But look at his face, he is saying he is soooo sorry!!! Now, look in the mirror and say, "you are at fault for putting it where the dog could get it."


----------



## dunnville89 (Apr 24, 2012)

The dog must go to a yarn free home - no one on this site would qualify.


----------



## John's old lady (Jul 14, 2012)

So sorry, but I hope the dog doesn't get ill from his 'snack'.


----------



## knitbreak (Jul 19, 2011)

cah said:


> The dog ate my yarn! :sm14: I had just gotten a cute little skein of DMC Top This in the mail from one of the recent "almost free" shipping deals from Herrschners. I had put it in the bookcase to display it because it was so adorable. I swear it couldn't have been in the house more than 10 minutes and I found it on the ground in a tangled mess. The dog had chewed the monkey head off and destroyed it! The yarn is still usable but the cutest part of the hat - the monkey topper - is no more. Anybody want a dog? Real cheap.

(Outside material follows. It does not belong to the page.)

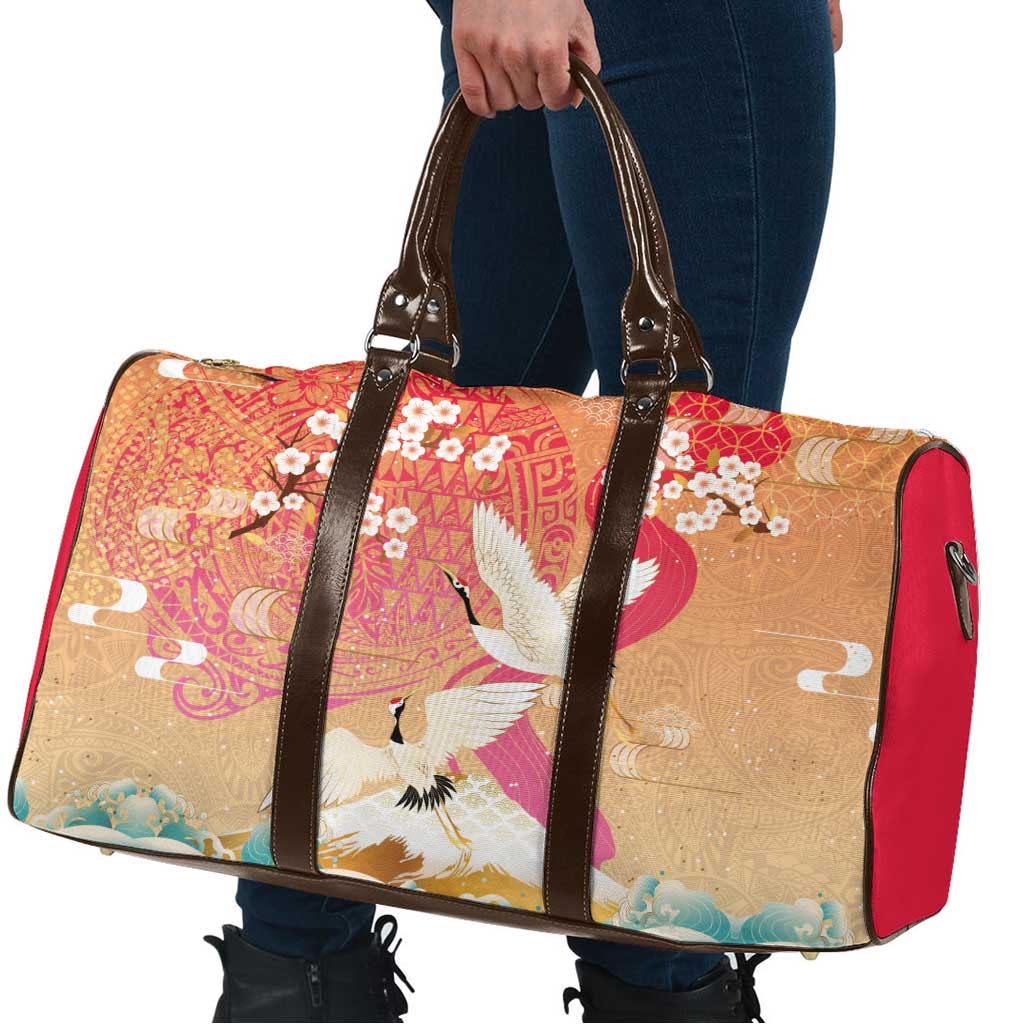 Hawaiian and Japanese Culture Together Travel Bag Kakau Art Tattoo with Cranes and Sakura Spring Vibe LT03 - Polynesian Pride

Yes! I'd love to have him,but you know that won't happen


----------



## afoster (Jun 10, 2012)

My dogs went through that phase. Destroyed several skeins of expensive yarn and many needles. I still love them. Even got a new one to join the pack. The only thing to do is grin and bear it. Computer died in the middle of this response.


----------



## jonibee (Nov 3, 2011)

I think your dog is sending you a message..."Pay attention to ME"...hopefully he didn't ingest any yarn...


----------



## tmvasquez (May 7, 2013)

Oh no, he probably thought it was a new toy. If the dog is anything like mine she loves her squeaky toys. She would have probably chewed it until it squeaked.


----------



## Firstsoprano (Dec 6, 2014)

cah said:


> I'm sure she'll blame the cat!


Of course it was the cat, or the neighbours cat, or a cat ghostie but never the cute puppy with big innocent eyes!


----------



## afoster (Jun 10, 2012)

I came home to yarn barf all over the living room several times after I rescued two dogs from the pound. Ungrateful little brats! Stupid me got another dog. I'll never learn I guess, love my animals. I can commiserate with you though. We love them anyway.


----------



## Firstsoprano (Dec 6, 2014)

LOL My puppy thinks everything is a toy and needs to be chewed or shaken up. If it's within her reach (which is surprisingly high when she wants something) or not! Lately she has decided that table and chair legs are chew toys even though the floor is littered with toys and chew sticks.


----------



## cah (Oct 2, 2014)

morningstar said:


> Stop! Don't punish your dog for being a dog. The cause of the problem was a human one...yours. Don't put, within your dog's reach, any item that will appeal to him. It's all part of being owned by a precious dog. Move on with the good yarn and order another kit for the project.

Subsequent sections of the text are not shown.